The reaction A(g) + 2B(g) `to` C(g) is an elementary reaction. In an experiment involving this reaction, the initial pressures of A and B are ​`P_A` = 0.40 atm and `P_B` = 1.0 atm respectively. When `P_C`=0.3 atm, the rate of the reaction relative to the initial rate is:-

To solve the problem, we need to determine the rate of the reaction at a certain point compared to its initial rate.
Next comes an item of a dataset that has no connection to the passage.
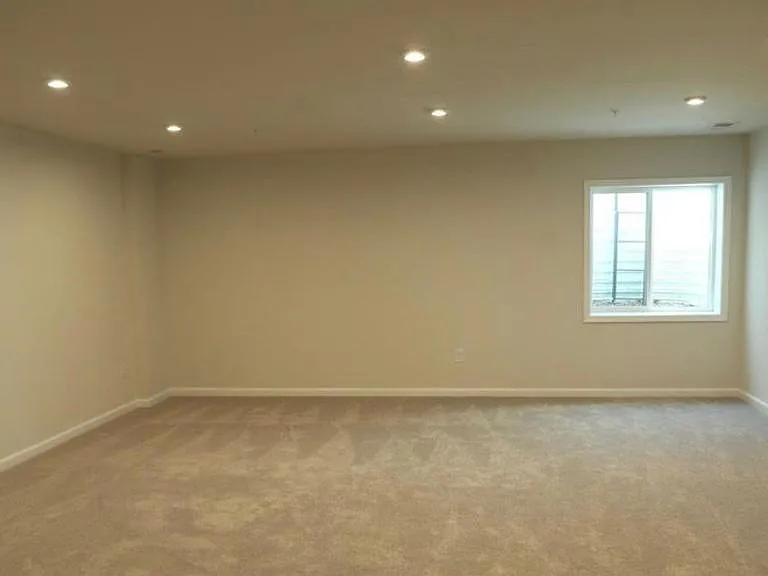 164 Mulberry Dr — Photo 5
The reaction in question is: \[ A(g) + 2B(g) \rightarrow C(g) \] ### Step-by-Step Solution: 1. **Identify Initial Pressures**: - The initial pressure of A, \( P_A = 0.40 \, \text{atm} \) - The initial pressure of B, \( P_B = 1.0 \, \text{atm} \) 2. **Determine Change in Pressures**: - When \( P_C = 0.3 \, \text{atm} \), we can determine how much of A and B have reacted. - Since the stoichiometry of the reaction is 1:2:1, for every 1 mole of A that reacts, 2 moles of B react. - The change in pressure of C, \( \Delta P_C = 0.3 \, \text{atm} \) means that: - \( \Delta P_A = 0.3 \, \text{atm} \) (for A) - \( \Delta P_B = 2 \times 0.3 \, \text{atm} = 0.6 \, \text{atm} \) (for B) 3. **Calculate Remaining Pressures**: - Remaining pressure of A: \[ P_A = 0.40 \, \text{atm} - 0.3 \, \text{atm} = 0.10 \, \text{atm} \] - Remaining pressure of B: \[ P_B = 1.0 \, \text{atm} - 0.6 \, \text{atm} = 0.40 \, \text{atm} \] 4. **Write the Rate Expressions**: - The rate of the reaction is given by: \[ \text{Rate} = k [A]^1 [B]^2 \] - Initial rate (Rate 1): \[ \text{Rate}_1 = k (0.40) (1.0)^2 = k (0.40) (1.0) = 0.40k \] - Rate at the point when \( P_C = 0.3 \, \text{atm} \) (Rate 2): \[ \text{Rate}_2 = k (0.10) (0.40)^2 = k (0.10) (0.16) = 0.016k \] 5. **Calculate the Relative Rate**: - To find the relative rate: \[ \frac{\text{Rate}_2}{\text{Rate}_1} = \frac{0.016k}{0.40k} = \frac{0.016}{0.40} = 0.04 \] - This can be expressed as: \[ \frac{\text{Rate}_2}{\text{Rate}_1} = \frac{1}{25} \] ### Final Answer: The rate of the reaction relative to the initial rate is \( \frac{1}{25} \).